Description of the task:
Through the line with "温泉利用型健康増進施設連絡会のキービジュアル" and starting from the first line, return the records below word for word, with pictures left out.
-- Opening Marker --
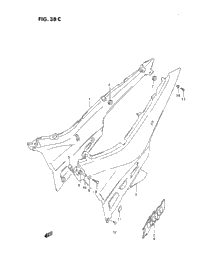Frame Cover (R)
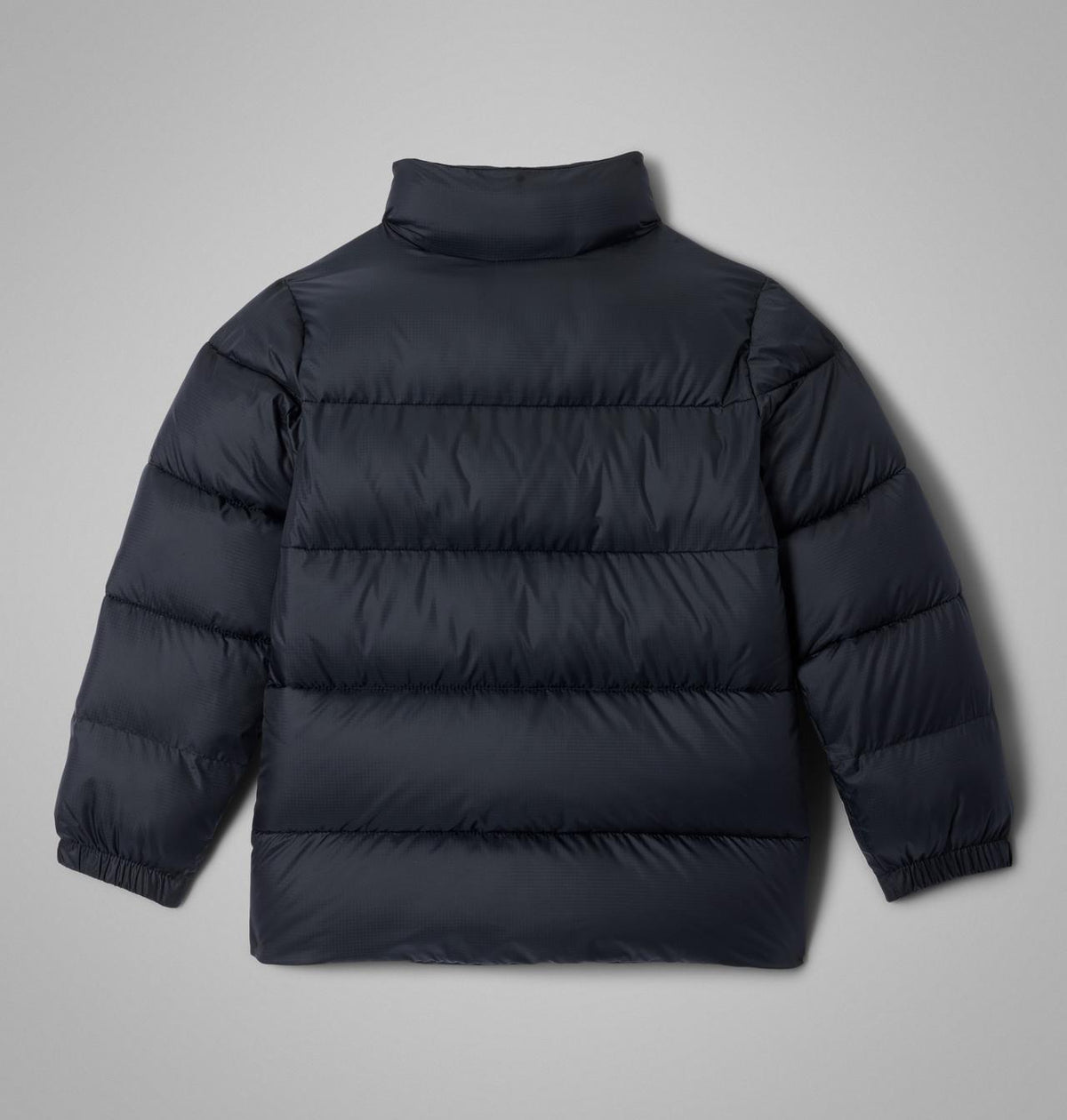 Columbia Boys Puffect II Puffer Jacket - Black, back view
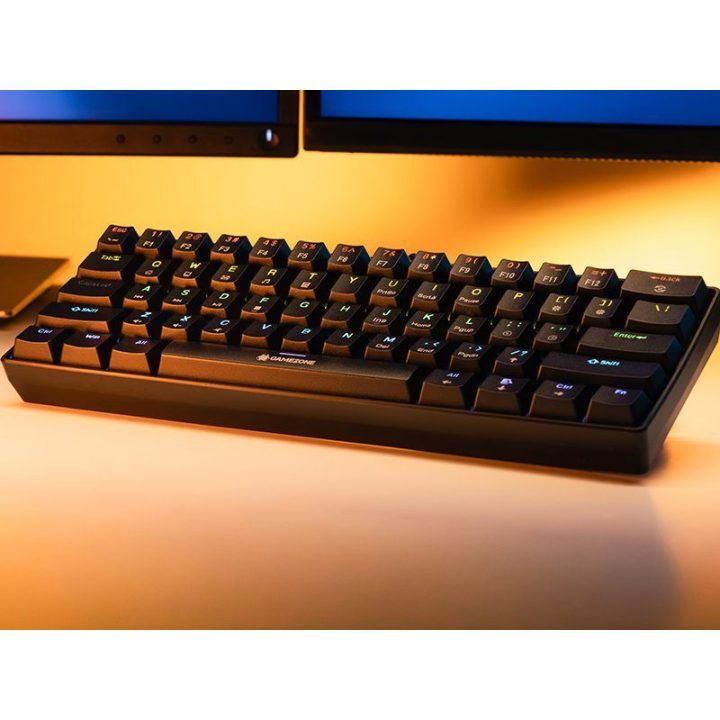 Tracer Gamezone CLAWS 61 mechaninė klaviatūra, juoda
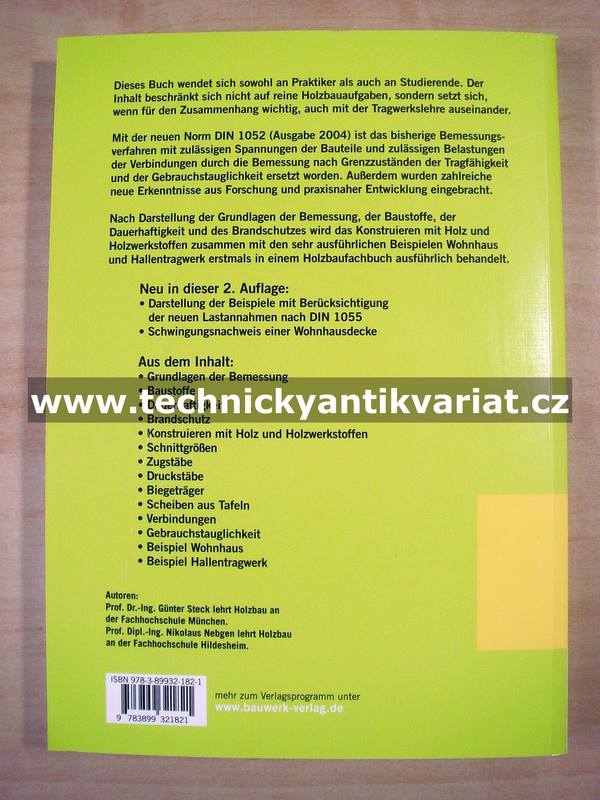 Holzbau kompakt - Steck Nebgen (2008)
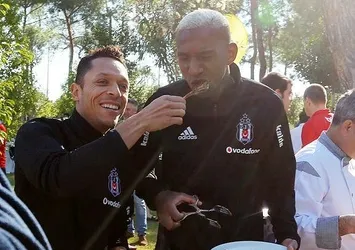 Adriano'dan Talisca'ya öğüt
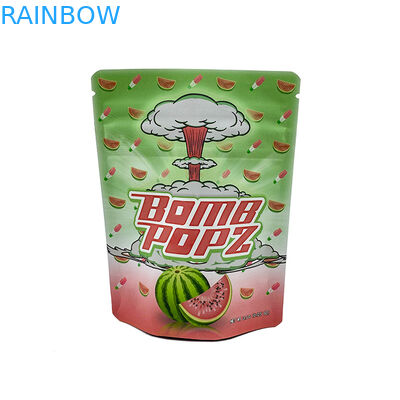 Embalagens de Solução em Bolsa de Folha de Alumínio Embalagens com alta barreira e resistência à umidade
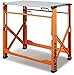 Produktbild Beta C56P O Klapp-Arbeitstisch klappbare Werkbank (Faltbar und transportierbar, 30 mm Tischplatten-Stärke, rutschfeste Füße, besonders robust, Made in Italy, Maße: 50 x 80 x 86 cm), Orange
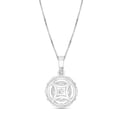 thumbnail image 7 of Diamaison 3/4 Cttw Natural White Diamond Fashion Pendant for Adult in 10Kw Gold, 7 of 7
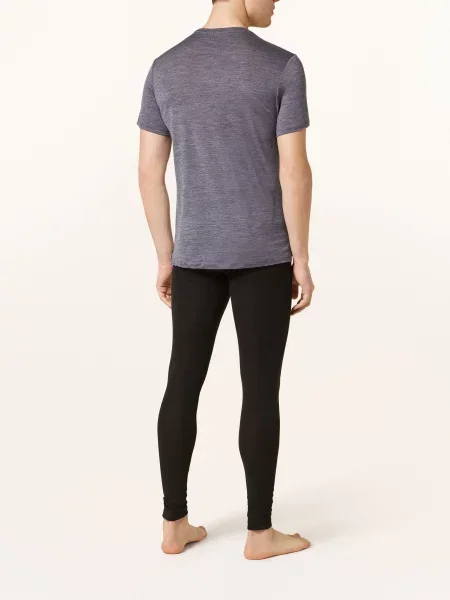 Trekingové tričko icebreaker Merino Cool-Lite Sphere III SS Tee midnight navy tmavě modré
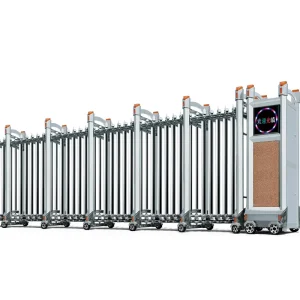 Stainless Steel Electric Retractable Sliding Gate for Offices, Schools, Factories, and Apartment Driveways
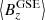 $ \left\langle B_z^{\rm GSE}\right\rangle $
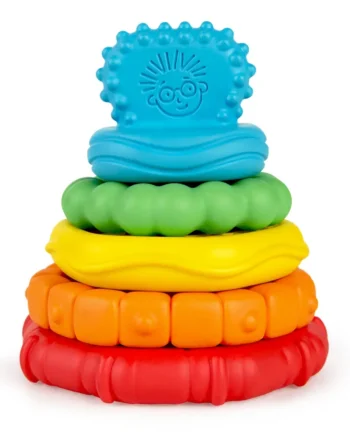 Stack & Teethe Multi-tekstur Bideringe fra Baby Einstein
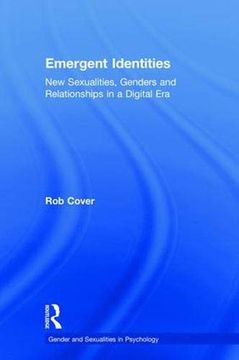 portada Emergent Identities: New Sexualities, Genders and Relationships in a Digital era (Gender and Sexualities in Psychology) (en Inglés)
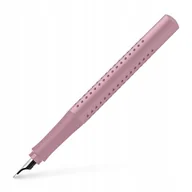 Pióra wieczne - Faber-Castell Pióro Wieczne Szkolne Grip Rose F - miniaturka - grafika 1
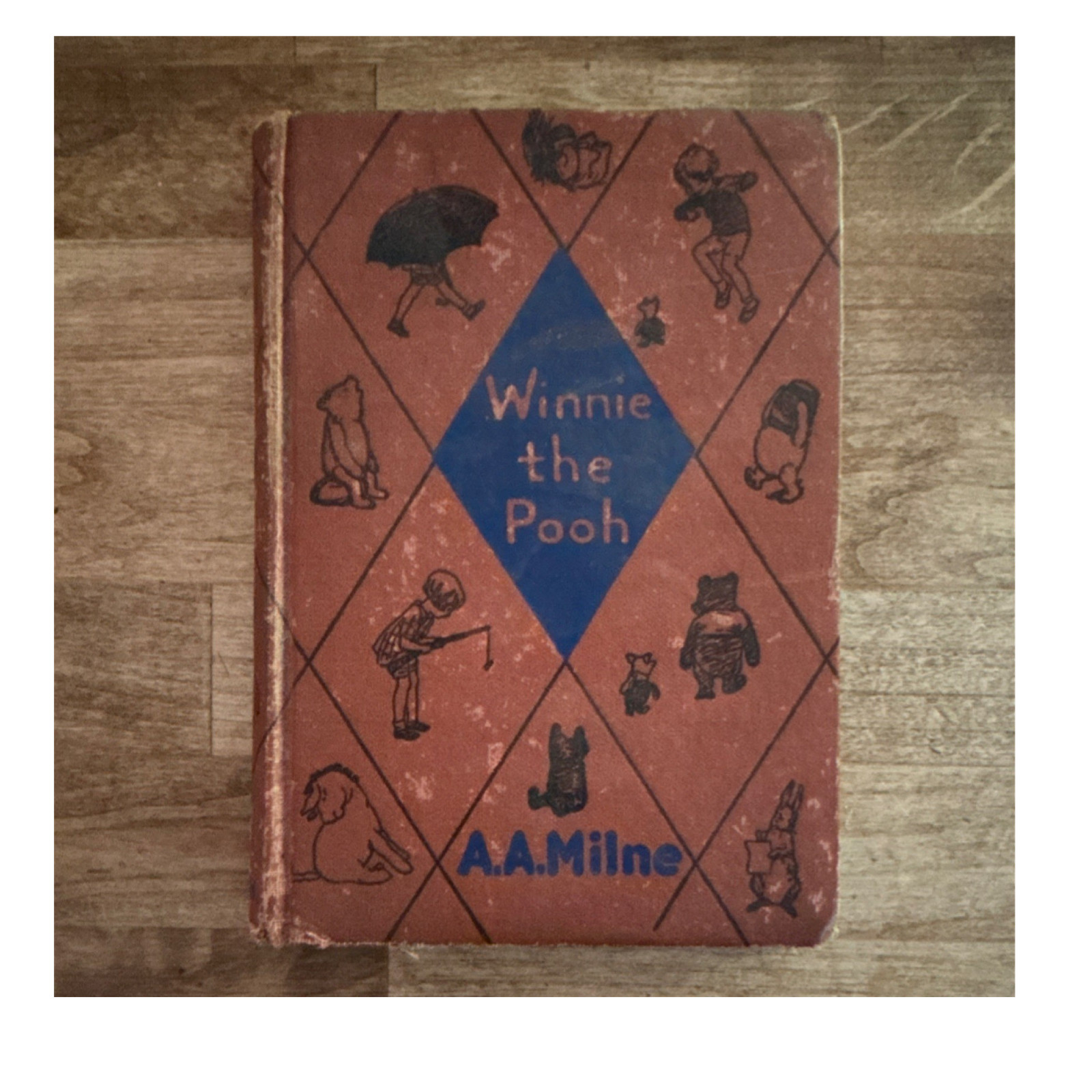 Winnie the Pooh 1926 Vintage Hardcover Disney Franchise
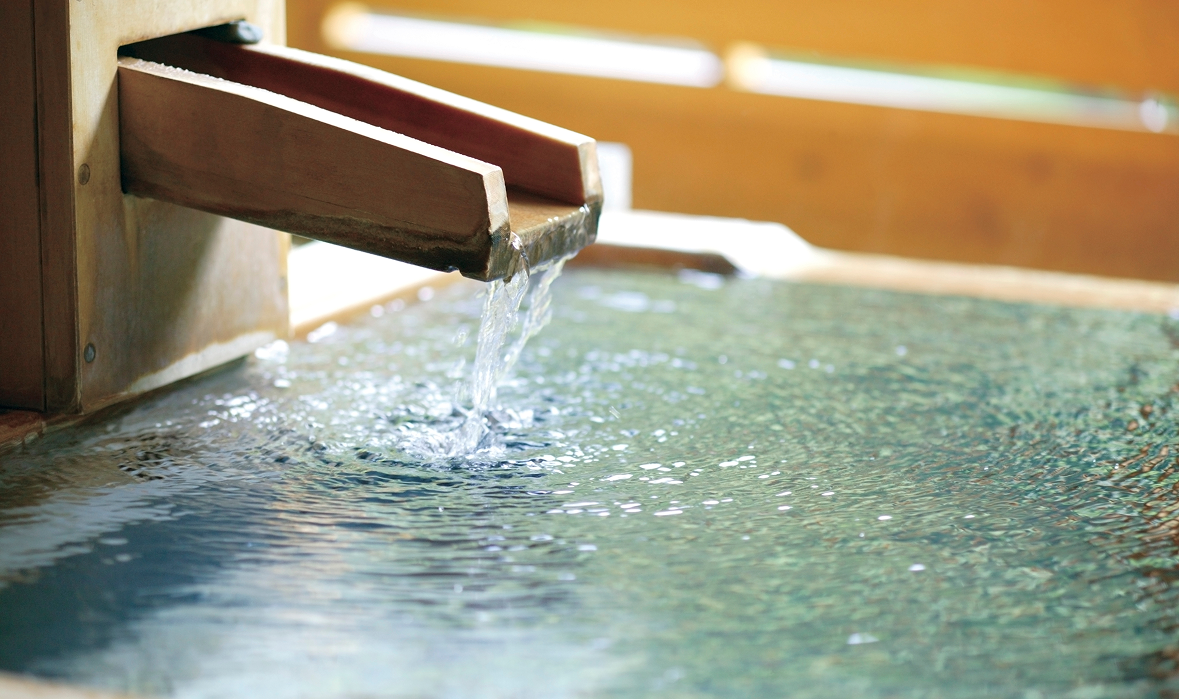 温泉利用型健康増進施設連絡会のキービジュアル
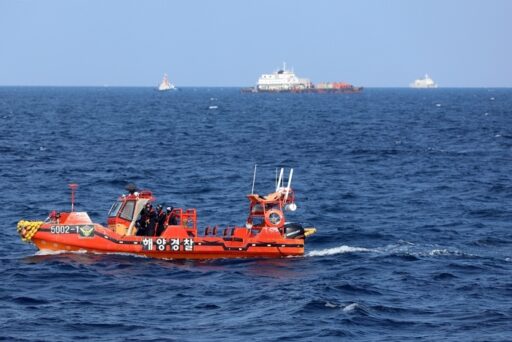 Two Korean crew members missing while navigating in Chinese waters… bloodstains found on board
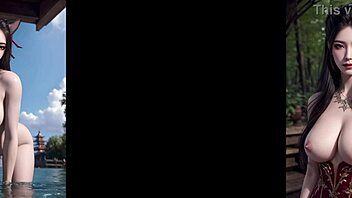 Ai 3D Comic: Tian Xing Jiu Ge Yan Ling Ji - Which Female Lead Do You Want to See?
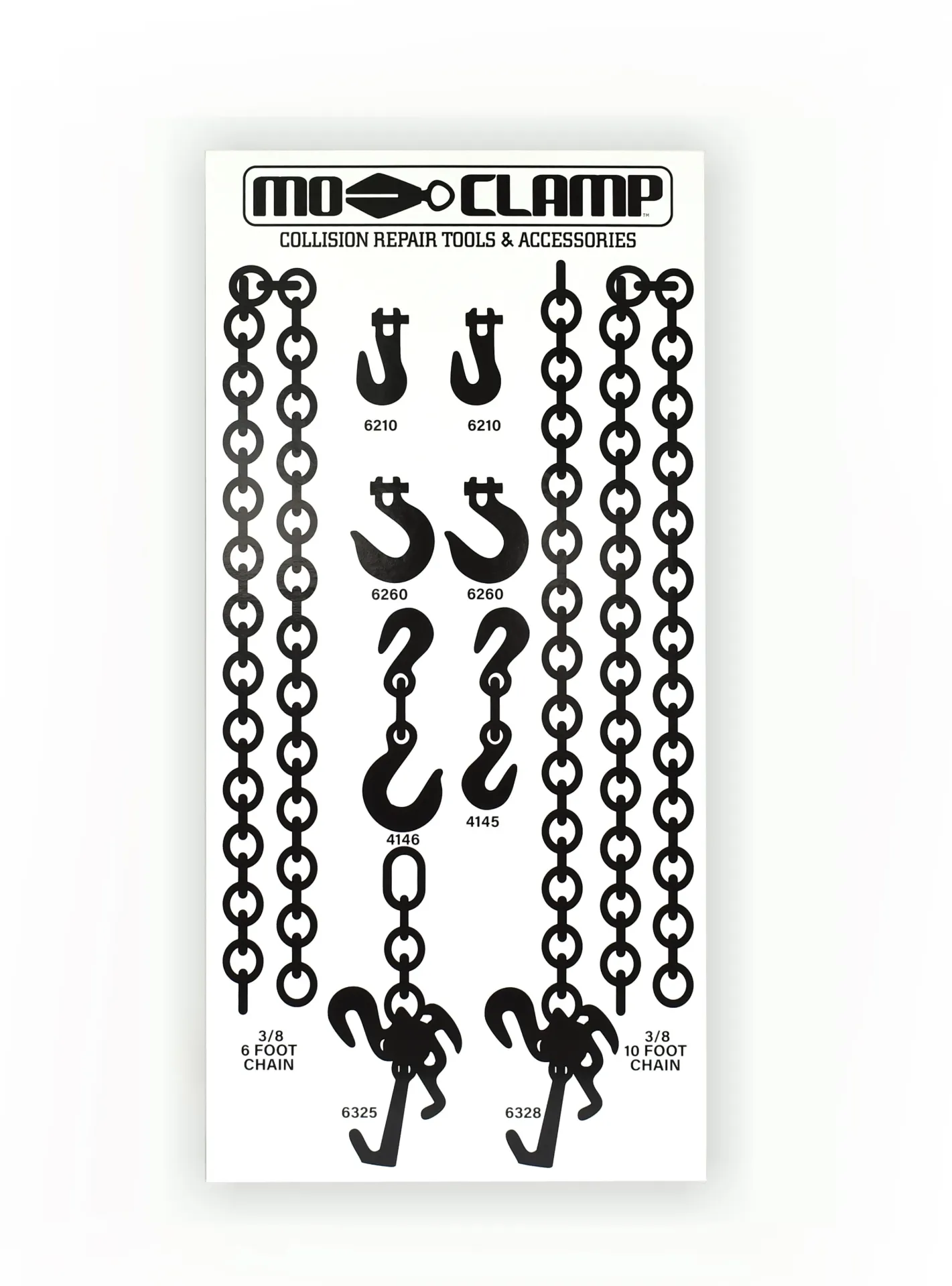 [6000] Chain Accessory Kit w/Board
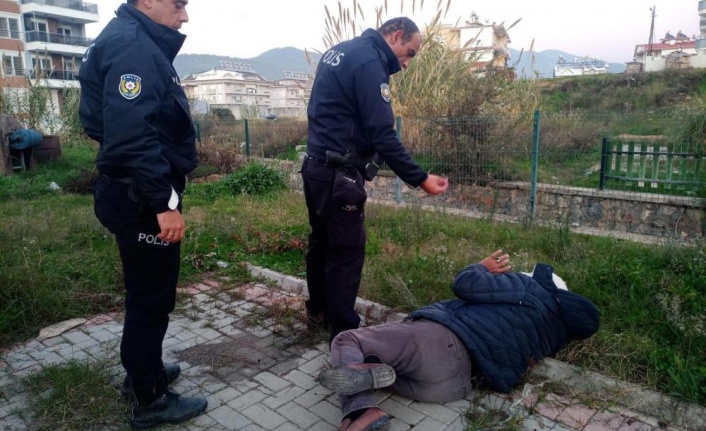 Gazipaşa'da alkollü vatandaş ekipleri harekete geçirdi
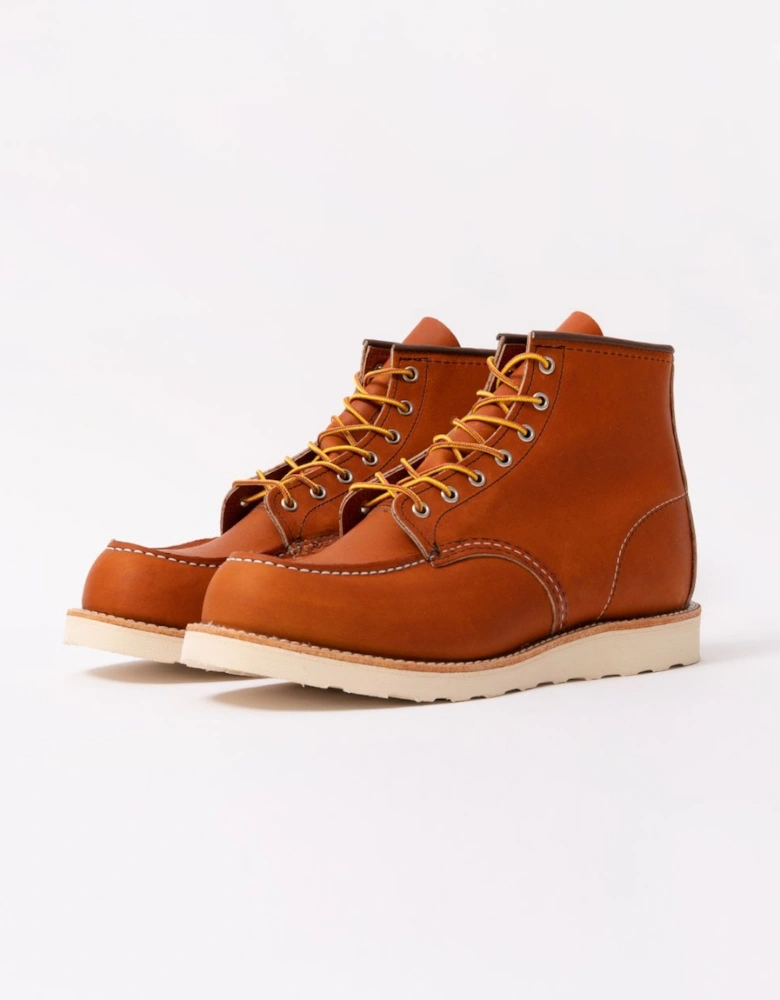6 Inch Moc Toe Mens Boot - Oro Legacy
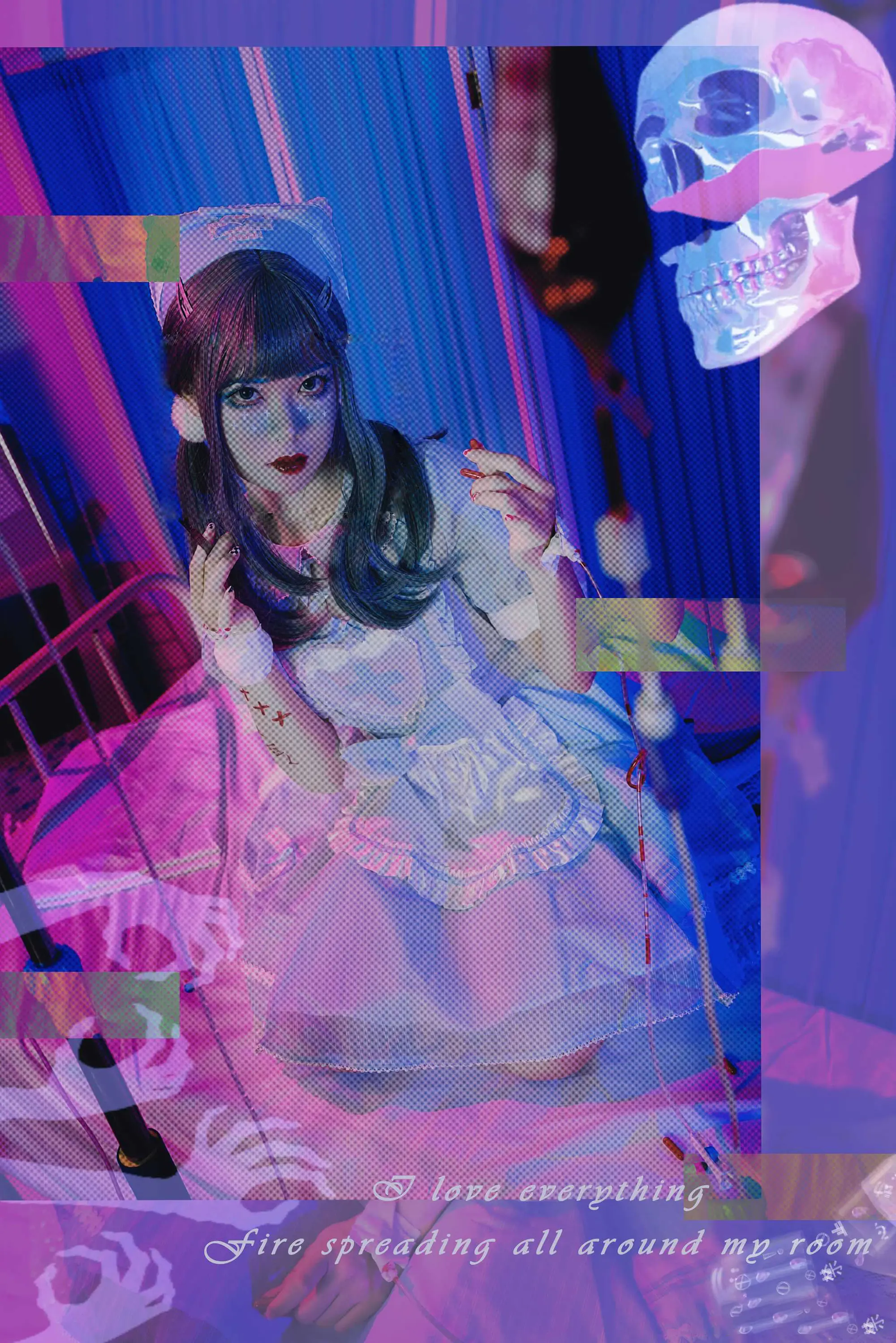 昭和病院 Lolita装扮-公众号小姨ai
-- Closing Marker --
Solution to the exercise:
Frame Cover (R)
 Columbia Boys Puffect II Puffer Jacket - Black, back view
 Tracer Gamezone CLAWS 61 mechaninė klaviatūra, juoda
 Holzbau kompakt - Steck Nebgen (2008)
 Adriano'dan Talisca'ya öğüt
 Embalagens de Solução em Bolsa de Folha de Alumínio Embalagens com alta barreira e resistência à umidade
 Produktbild Beta C56P O Klapp-Arbeitstisch klappbare Werkbank (Faltbar und transportierbar, 30 mm Tischplatten-Stärke, rutschfeste Füße, besonders robust, Made in Italy, Maße: 50 x 80 x 86 cm), Orange
 thumbnail image 7 of Diamaison 3/4 Cttw Natural White Diamond Fashion Pendant for Adult in 10Kw Gold, 7 of 7
 Trekingové tričko icebreaker Merino Cool-Lite Sphere III SS Tee midnight navy tmavě modré
 Stainless Steel Electric Retractable Sliding Gate for Offices, Schools, Factories, and Apartment Driveways
 $ \left\langle B_z^{\rm GSE}\right\rangle $
 Stack & Teethe Multi-tekstur Bideringe fra Baby Einstein
 portada Emergent Identities: New Sexualities, Genders and Relationships in a Digital era (Gender and Sexualities in Psychology) (en Inglés)
 Pióra wieczne - Faber-Castell Pióro Wieczne Szkolne Grip Rose F - miniaturka - grafika 1
 Winnie the Pooh 1926 Vintage Hardcover Disney Franchise
 温泉利用型健康増進施設連絡会のキービジュアル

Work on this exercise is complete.